Claudio Bernardes – Folha de São Paulo

19.ago.2019 às 2h00

O FGTS (Fundo de Garantia do Tempo de Serviço) foi criado pela Lei nº 5.107, de 13 de setembro de 1966, em substituição à estabilidade decenal no emprego para proteger o trabalhador demitido sem justa causa. O Fundo é constituído de contas vinculadas, abertas em nome de cada trabalhador, e com recursos que não são abatidos do seu salário, mas depositados pelo empregador em seu nome.

A Lei estabeleceu que os recursos fossem atualizados monetariamente e remunerados a uma taxa de juros anual inicial de 3%, que seria elevada proporcionalmente ao tempo de permanência do trabalhador na empresa até atingir 6% ao ano para os trabalhadores que permanecessem mais de 10 anos na mesma empresa.

A Lei n° 5.107/1966 foi revogada pela Lei n° 7.839, de outubro de 1989, e ao mesmo tempo em que estabeleceu o limite de remuneração das contas criadas após setembro de 1971 em 3% ao ano, eliminando a remuneração de juros progressiva, criou a vinculação da aplicação dos recursos do FGTS em habitação, saneamento e infraestrutura urbana. Essa mesma Lei introduziu a possibilidade de o trabalhador utilizar os recursos depositados em seu nome, além dos saques em casos específicos, como demissão sem justa causa, extinção da empresa, aposentadoria e falecimento e para o pagamento de parte das prestações de financiamentos no âmbito do SFH (Sistema Financeiro da Habitação).

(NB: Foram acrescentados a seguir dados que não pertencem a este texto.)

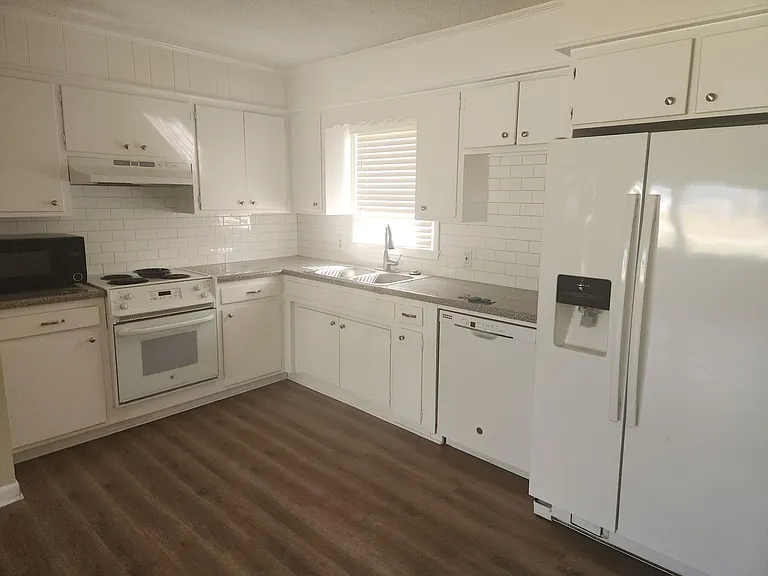 5318 Lawrence Dr — Photo 7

Atualmente, o FGTS é regulado pela Lei n° 8.036, de 11 de maio de 1990, com suas alterações posteriores, mantidos, todavia, os pressupostos básicos de vinculação da aplicação dos recursos do Fundo e sua remuneração.

Porém, será que o trabalhador está sendo prejudicado por ver limitada a possibilidade de dispor dos recursos depositados em seu nome pelo empregador para melhorar sua remuneração?

A verdade é que o limite na remuneração do saldo das contas possibilita que os recursos do FGTS possam ser utilizados para financiar unidades habitacionais com menores taxas de juros, beneficiando os próprios trabalhadores com renda mais baixa. Essas pessoas não teriam possibilidade de adquirir a casa própria se as taxas de juros fossem as de mercado.

É necessário que as regras do Fundo beneficiem seus cotistas. Segundo relatório da Caixa Econômica Federal, que gerencia as contas do FGTS, em 2017, aproximadamente 85% das contas tinham até um salário mínimo de saldo.

Um aumento de três pontos percentuais, por exemplo, na taxa de juros remuneratórios dos recursos do Fundo implicaria em um aumento proporcional nas taxas de juros do financiamento aos mutuários. Esse aumento resultaria em elevação aproximada de 40% no valor das prestações em um financiamento com prazo de 30 anos, retirando de milhares de trabalhadores a capacidade de comprar imóveis.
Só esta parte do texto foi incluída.